98. The only time major household projects get done is in a taper or race recovery.
99. Everything in your life, everything, is organized in different sized zip-loc bags.
100. You call a 50-mile race "just another training run".
101. You think a 100-mile race is easier than a 50 miler because you don't have to go out as fast.
102. You say, "Taper? Who's got time to taper?
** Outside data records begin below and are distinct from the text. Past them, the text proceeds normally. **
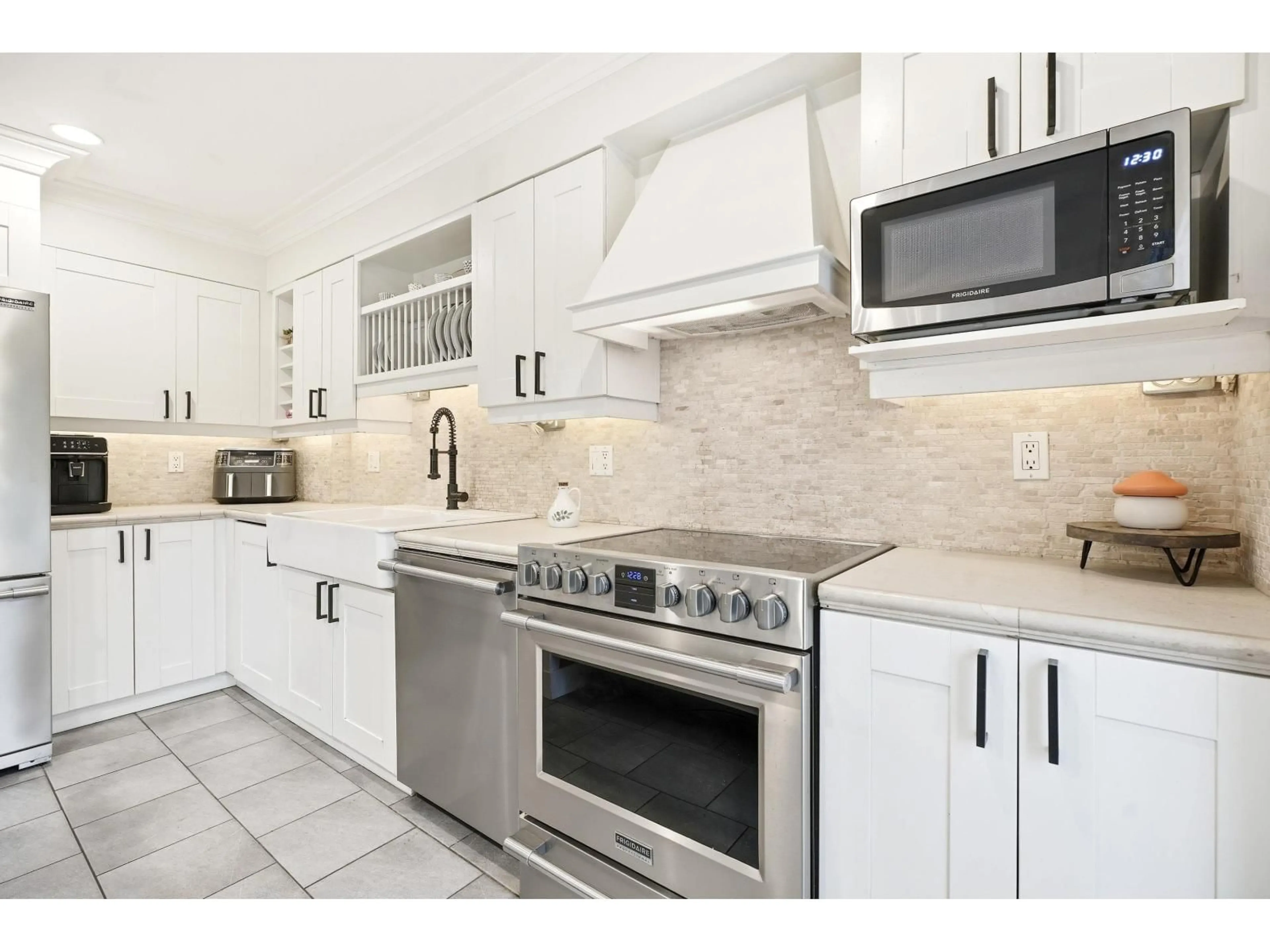 Standard kitchen, ceramic/tile floor for 1 - 6415 197 STREET, Langley British Columbia V2Y1G8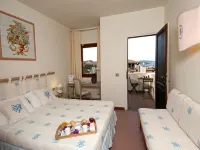 Hotel Palau Hotels near Spiaggia Mannena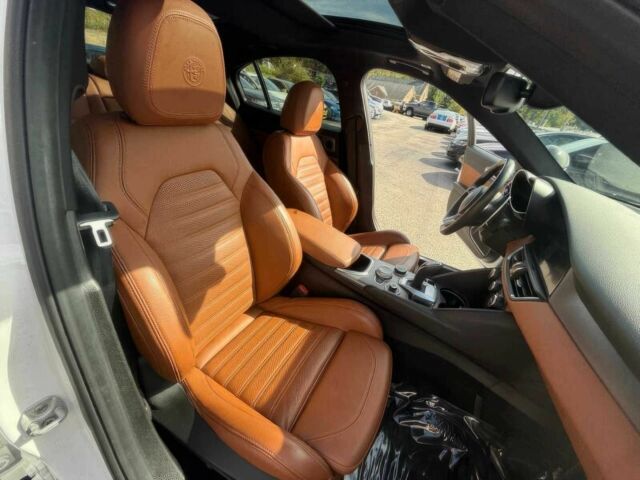 Белый Альфа Giulia, объемом двигателя 2 л и пробегом 29 тыс. км за 12300 $, фото 9 на Automoto.ua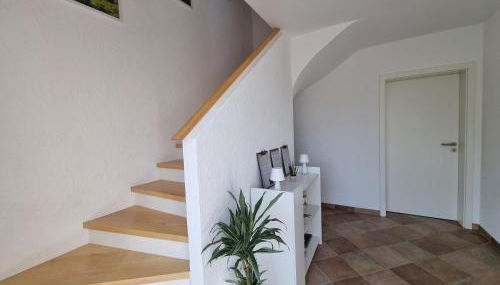 Wellnesshaus Dorfblick mit Outdoor-Jacuzzi und Infrarotkabine, NEU! - Foto 5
I have a race coming up this weekend."
103. You're tapering/recovering, and you'd rather drive 50 miles to watch Ann Trason's heavenly running style for 20 seconds than the Super Bowl.
104. You have to rent a car to drive to a major event because you and your pacer own stick shifts and neither will be able to drive them on the return trip.
105. You actually DO drive a stick shift home with a severely pulled left hamstring
106. You meet someone of the opposite sex on the trail of a 100 and all of conversation is about what color is your urine, can you drink? and were you able to dump.
107. Ya know you're and ultra runner when a girl changes her tank and her bra in front of you and all you do is take another drink of water, look at your watch, get up and tell your pacer "Let's hit the trail."
108. On a long drive you see the road signs listing various mileages to different places and think of how long it would take to get there on foot rather than by the car your driving.
109. You've started a race in the dark, run all day, and finished in the dark (if your lucky).
110. Your non-Ultrarunning running friends look at you strange when you tell them that 10:00/Mile is a fast pace for a 100 mile race (not to mention most ultras).
111. You don't hesitate to lie down in the trail (anywhere) when you are falling asleep on your feet during the early morning hours on the second day of a 100 miler; and it feels so comfortable.
112. You know your an ultrarunner when you actually sit down and read all of the postings about, "You know your an ultrarunner when..." and can laugh and relate to all of the comments.